- Directed by: Michael W. Gray
- Screenplay by: Michael W. Gray; Jennifer B. White;
- Produced by: Michael W. Gray; Michael Cuomo;
- Starring: Steve Guttenberg; Christie Brinkley;
- Production companies: Relentless Filmz; Brooklyn Owl Pictures;
- Distributed by: Blue Harbor Entertainment
- Release date: September 4, 2026;
- Country: United States
- Language: English

= American Summer =

American family comedy film

American Summer is a 2026 American family comedy film directed by Michael W. Gray and starring Steve Guttenberg and Christie Brinkley.

==Production==
The film is written by Michael W. Gray and Jennifer B. White, with Gray directing. It is a co-production of Relentless Filmz and Brooklyn Owl Pictures. Gray is also a producer alongside Michael Cuomo.

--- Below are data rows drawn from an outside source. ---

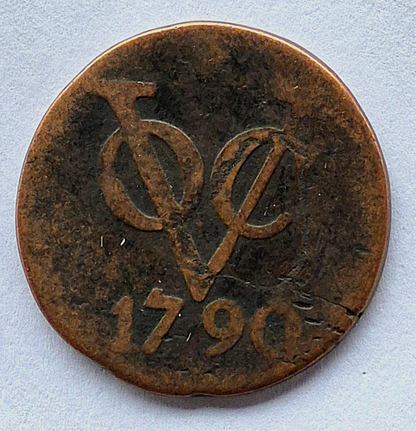 1790 DOUBLE DUIT VOC Netherlands -Holland Dutch East India Company Colonial Coin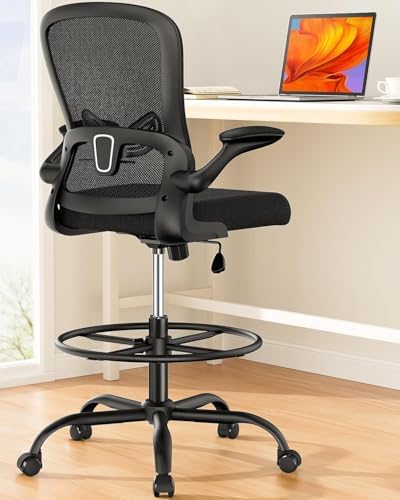 ErGear Drafting Chair with Footrest Ring and Flip-Up Arms by ErGear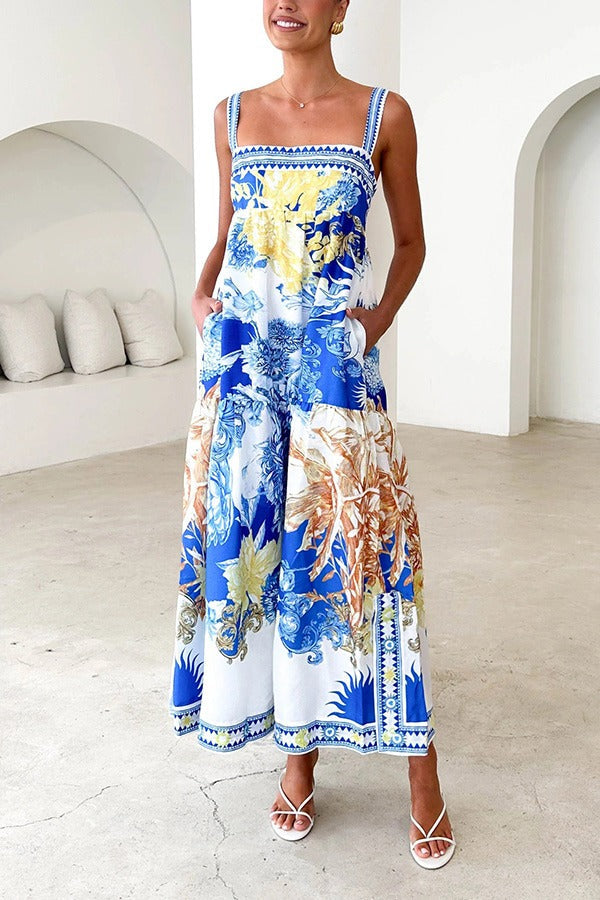 Unique Printed Square Neck Backless Pocket Maxi Dress - Fashionpara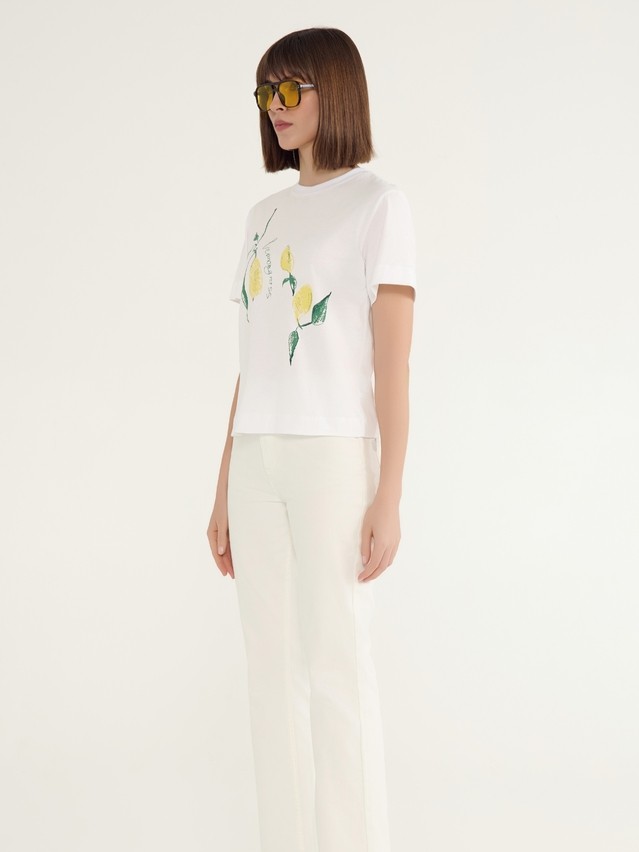 Women's polo neck shirt CONTE ELEGANT LD 3029, s.170-92, white-lemons - 3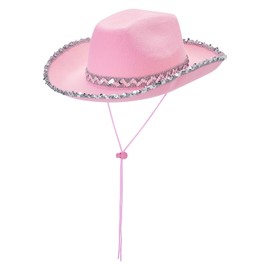 Edhomenn Adjustable Chin Strap Cowboy Hats Texan Cowgirl Hat with Scarf for Women Girls Cowboy Costume Theme Party Accessory (05 Pink, One size)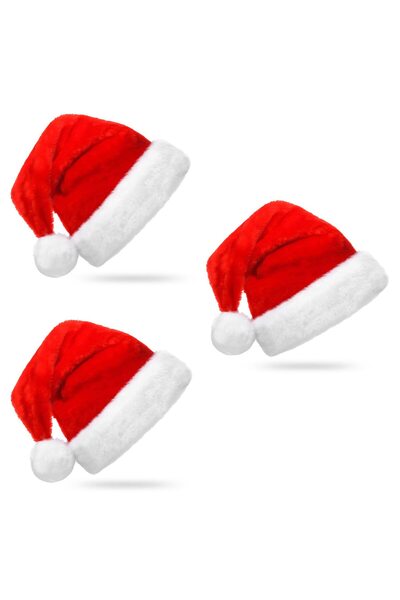 OEM Set of 3 Santa Claus Hats, One Size Fits All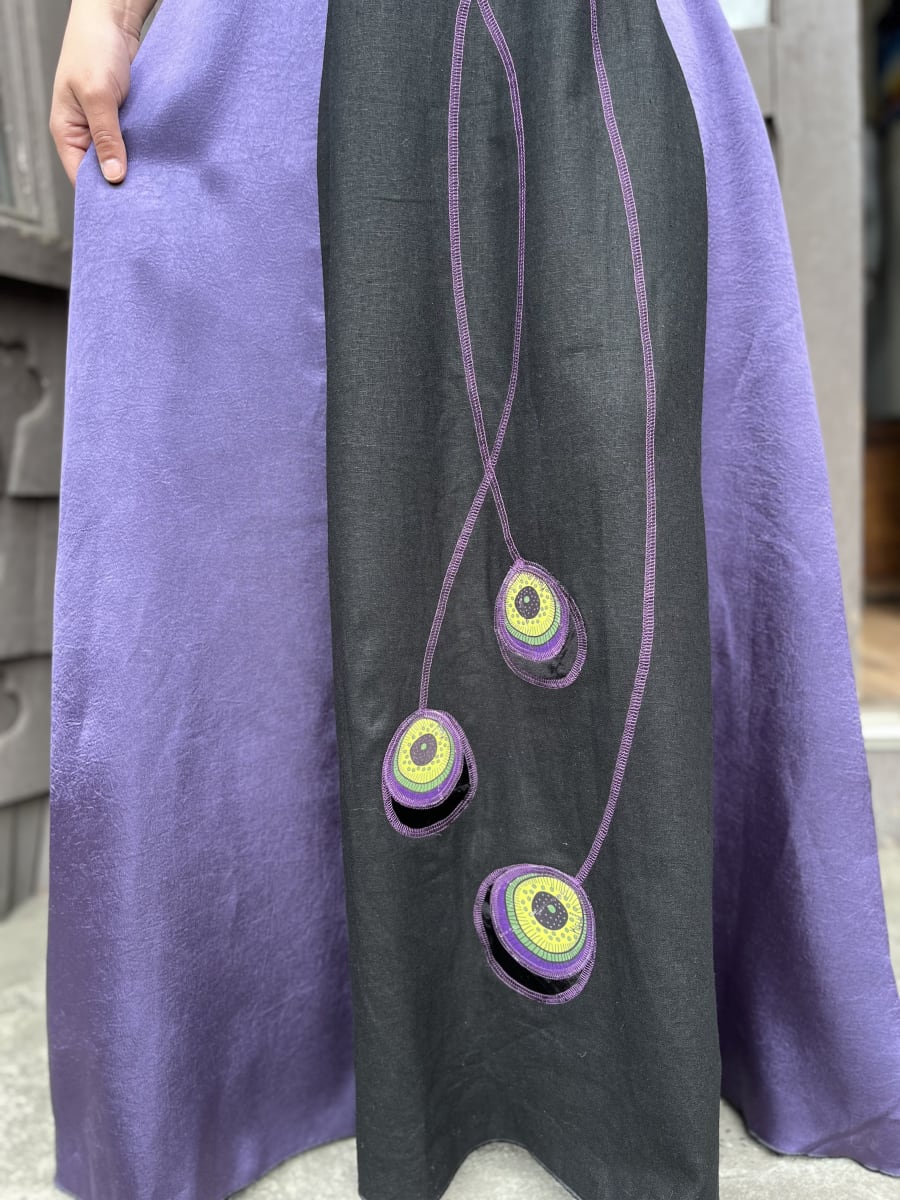 Vestido Kisu fiesta largo central morado negro3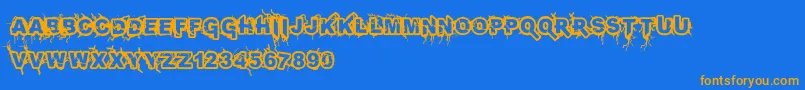 Infected Font – Orange Fonts on Blue Background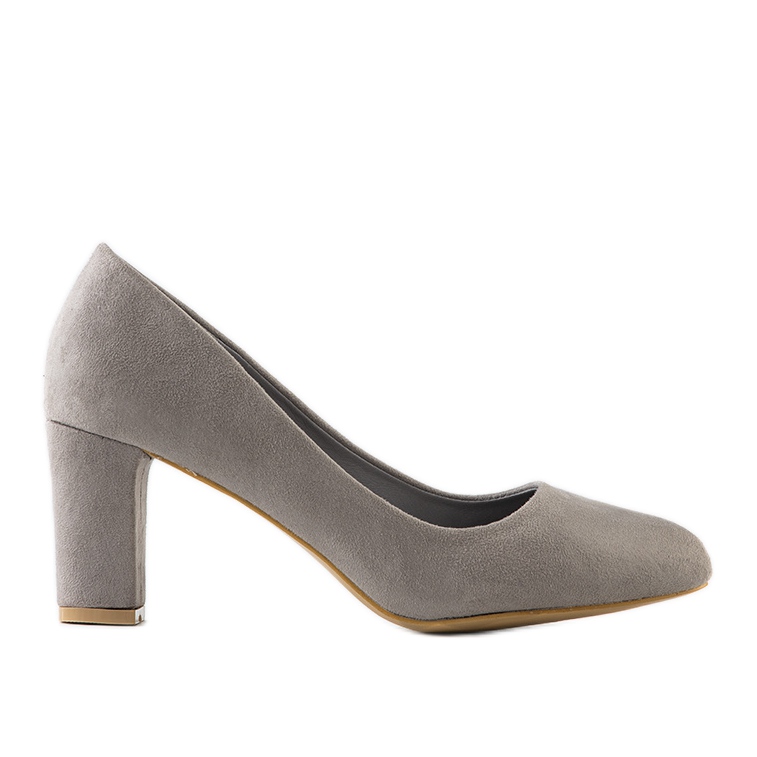 Gray classic pumps on the Barrington post grey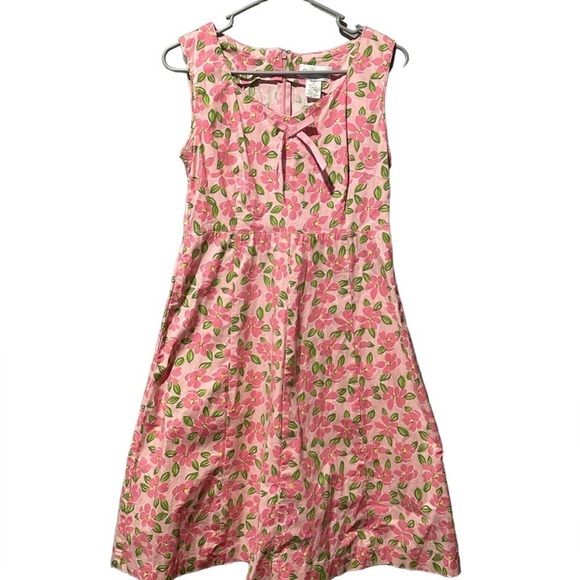 Chadwicks Dresses & Skirts - Vintage CHADWICKS sleeveless pink floral dress with cute pink bow at collar SZ 6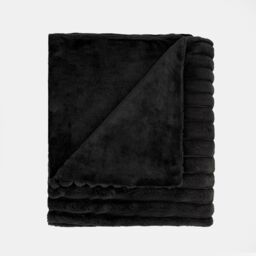 OHS Ribbed Faux Fur Throw Super Soft Fluffy Thick Fleece Bed Blanket in Black - Size: 150 cm × 200 cm - thumbnail 3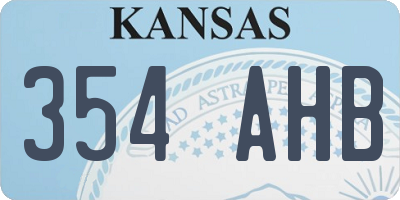 KS license plate 354AHB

Executive producers are Brian Dubin and Stephen Krahel as well as Steve Guttenberg and Christie Brinkley, who also star. The cast also includes Logan Gray, Mia Talerico, Dan Lauria, Cullen Moss, and former baseball players Lee Mazzilli and Luis Sojo. Principal photography took place in New Jersey in October 2024.

Principal photography took place in Bergen County, New Jersey in October 2024, with filming locations including Westwood, Ho-Ho-Kus and Allendale.

==Release==
The film was premiered on September 4, 2026.